If I’m transferring over 10,000$ usd to usd to the philippines purpose ( house building ) to a bank account that’s not mine - do I need to file fbar form 114 ?


----------



## Asian Spirit (Mar 1, 2010)

Fin7ao said:


> If I’m transferring over 10,000$ usd to usd to the philippines purpose ( house building ) to a bank account that’s not mine - do I need to file fbar form 114 ?

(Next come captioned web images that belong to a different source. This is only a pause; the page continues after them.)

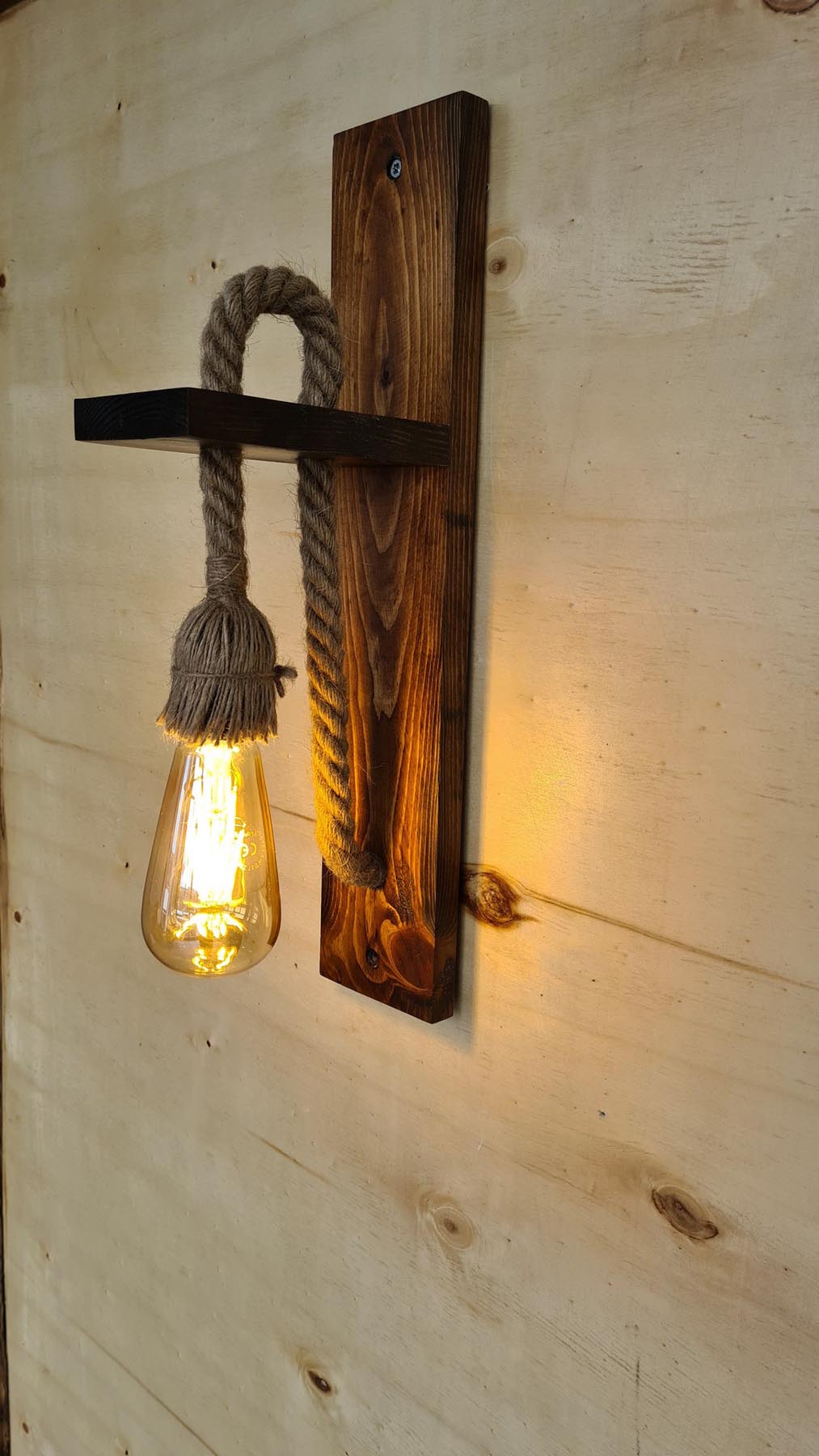 Verleihen Sie Ihrem Raum mit der Ahşap Aplik 23 Wandleuchte von Opviq einen Hauch von rustikalem Charme und modernem Design. Diese handgefertigte Walnusslampe sorgt für eine gemütliche Atmosphäre.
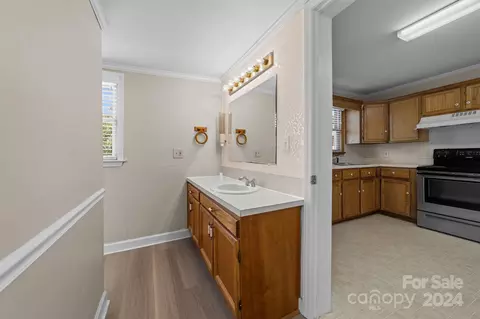 110 S Stephens St, Pilot Mountain, NC 27041 photo 10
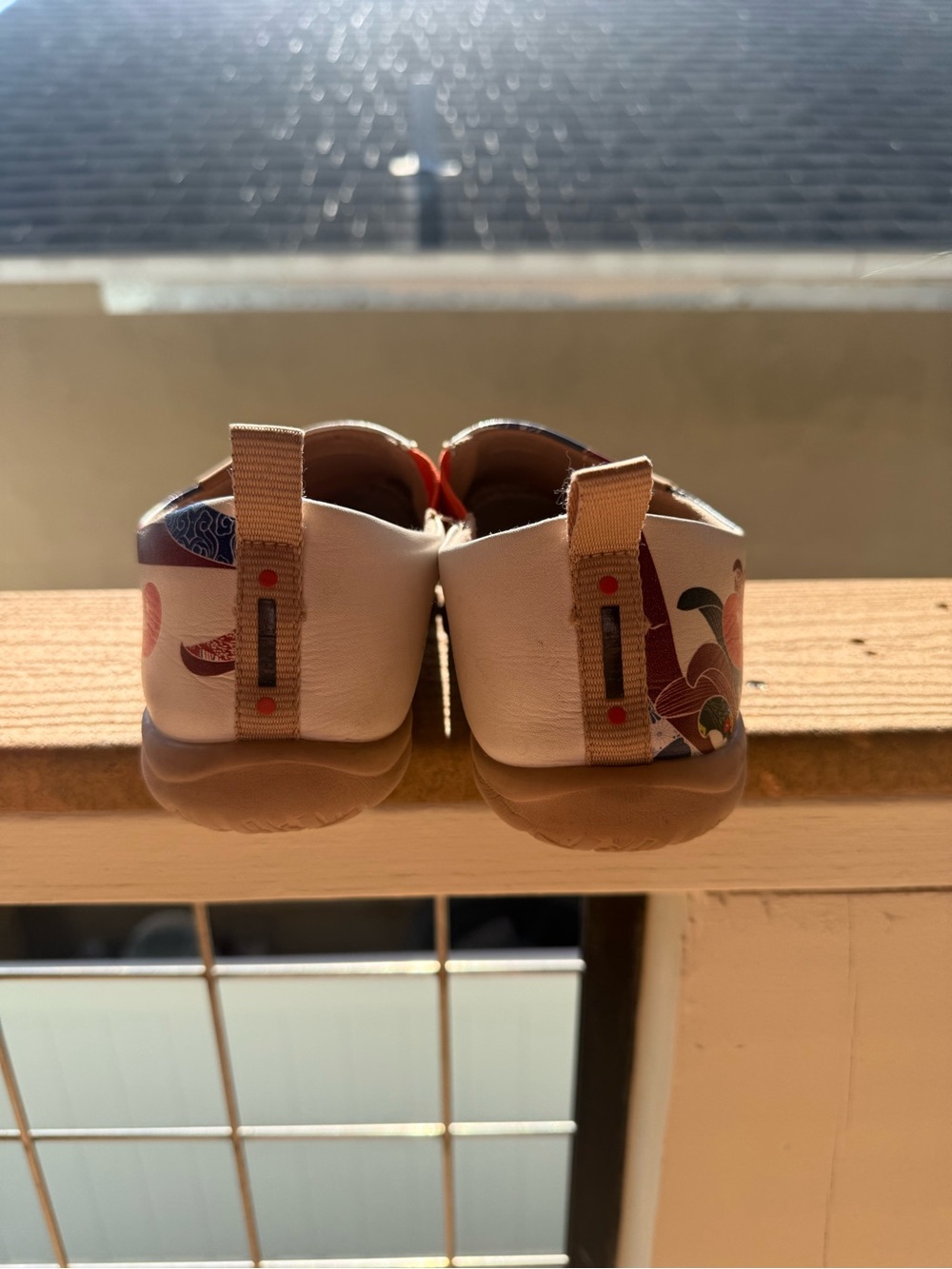 UIN White Floral-Pattern Slip-On Shoes with Blue and Red Accents - Picture 11 of 16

Easiest way to know for sure is to call Philippine National Bank in Los Angeles OR you can call Metrobank In New York City. 
Either place will have the accurate info.


----------



## Fin7ao (Jul 4, 2018)

Thanks I’ll give Metro a call since that the bank I send my transfer too


----------



## bigpearl (Jan 24, 2016)

Only a suggestion but why not transfer in two, three, four amounts over a week or two if you are concerned? I transferred Au 150K in one lump sum through a broker to buy a property and all they asked is what the money was for to satisfy our government, buy a house, buy a car, house reno's whatever, no problems, documented. Simply transferred the cash online to my broker and they paid it to the nominated bank account.
Nary a problem.

Cheers, Steve.


----------



## hogrider (May 25, 2010)

Fin7ao said:


> If I’m transferring over 10,000$ usd to usd to the philippines purpose ( house building ) to a bank account that’s not mine - do I need to file fbar form 114 ?


Not sure about transferring from USA but from UAE, there is no limit. The only condition is that whoever you use to transfer the funds has to provide a KYC (Know Your Customer) to the receiving bank.


----------